Let’s take a look at our design goals and evaluate how we did:

  1. Keep game information contained and separate.
    • This worked beautifully. The extensions did their job in communicating between the game and the frontend really well.
  2. Ensure builds are consistent.
    • This was a hard measure to ensure, but nearly everyone came through. We reached out to anyone who didn’t submit their games.
  3. Be as low-maintenance as possible.
    • For the extensions, this works really well. We hardly have to touch them for future versions.
    • For the front end, it requires a re-write every time there’s a theme change. Not good.

The backend system works beautifully. I spent a lot of time working on that over the summer and designing it to be as smooth as possible, so I cannot complain there.

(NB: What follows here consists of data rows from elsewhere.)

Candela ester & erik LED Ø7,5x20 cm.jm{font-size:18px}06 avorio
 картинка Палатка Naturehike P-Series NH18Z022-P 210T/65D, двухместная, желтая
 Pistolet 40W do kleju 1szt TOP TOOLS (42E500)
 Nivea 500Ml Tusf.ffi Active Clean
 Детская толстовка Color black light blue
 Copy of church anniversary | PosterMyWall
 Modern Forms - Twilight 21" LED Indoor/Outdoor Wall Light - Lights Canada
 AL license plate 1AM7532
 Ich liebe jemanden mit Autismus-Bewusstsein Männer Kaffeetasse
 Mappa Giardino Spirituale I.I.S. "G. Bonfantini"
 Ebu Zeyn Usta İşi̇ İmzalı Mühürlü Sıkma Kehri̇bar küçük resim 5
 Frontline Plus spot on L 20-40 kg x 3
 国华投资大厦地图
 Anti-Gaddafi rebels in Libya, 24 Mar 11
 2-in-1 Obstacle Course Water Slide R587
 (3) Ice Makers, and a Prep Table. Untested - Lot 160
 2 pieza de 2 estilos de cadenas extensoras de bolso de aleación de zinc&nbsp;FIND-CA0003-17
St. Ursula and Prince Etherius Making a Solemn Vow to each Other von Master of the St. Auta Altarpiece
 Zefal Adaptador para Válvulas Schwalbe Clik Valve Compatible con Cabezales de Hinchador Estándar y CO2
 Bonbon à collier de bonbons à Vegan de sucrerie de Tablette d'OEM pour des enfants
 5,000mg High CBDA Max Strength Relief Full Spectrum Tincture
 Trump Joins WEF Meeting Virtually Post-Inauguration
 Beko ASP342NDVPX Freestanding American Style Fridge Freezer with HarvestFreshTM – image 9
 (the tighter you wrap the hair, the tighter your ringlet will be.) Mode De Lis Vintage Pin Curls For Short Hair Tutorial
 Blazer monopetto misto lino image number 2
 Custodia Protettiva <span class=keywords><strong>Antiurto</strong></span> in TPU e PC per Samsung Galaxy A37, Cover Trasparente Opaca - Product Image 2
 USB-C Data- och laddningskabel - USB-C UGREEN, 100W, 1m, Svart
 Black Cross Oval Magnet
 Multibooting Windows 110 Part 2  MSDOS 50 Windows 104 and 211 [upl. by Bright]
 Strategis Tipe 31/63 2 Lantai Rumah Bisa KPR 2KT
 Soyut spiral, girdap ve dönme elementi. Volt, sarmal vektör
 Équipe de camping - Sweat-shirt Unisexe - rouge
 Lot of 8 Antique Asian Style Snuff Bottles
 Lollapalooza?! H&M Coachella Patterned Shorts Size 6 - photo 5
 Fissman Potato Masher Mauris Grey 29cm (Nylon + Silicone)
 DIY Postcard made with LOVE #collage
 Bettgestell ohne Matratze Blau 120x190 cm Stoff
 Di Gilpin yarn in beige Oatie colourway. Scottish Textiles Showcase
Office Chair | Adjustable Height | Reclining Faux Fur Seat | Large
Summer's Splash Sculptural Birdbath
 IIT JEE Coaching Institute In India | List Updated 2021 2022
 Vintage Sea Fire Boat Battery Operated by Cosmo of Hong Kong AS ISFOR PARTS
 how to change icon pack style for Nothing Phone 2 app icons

Most of this blog focuses on the front end, however, because I feel that it’s where most of the critique should go. The user experience was sort of forgotten about, and while the current build handles that well, potential future designers and programmers are stuck with a sloppy system for improvements. I’m glad that I got the iframe system working, and I encourage future people to use that. But when it comes to the front end, feel free to throw it out and start over.

Thanks for listening! My next blog post should hopefully be about the improvements I’m making to The Jackbox Party Pack 7 Custom Content (soon to be renamed). It’s currently all being re-written in Rust, and expect something… I dunno. Spring 2024?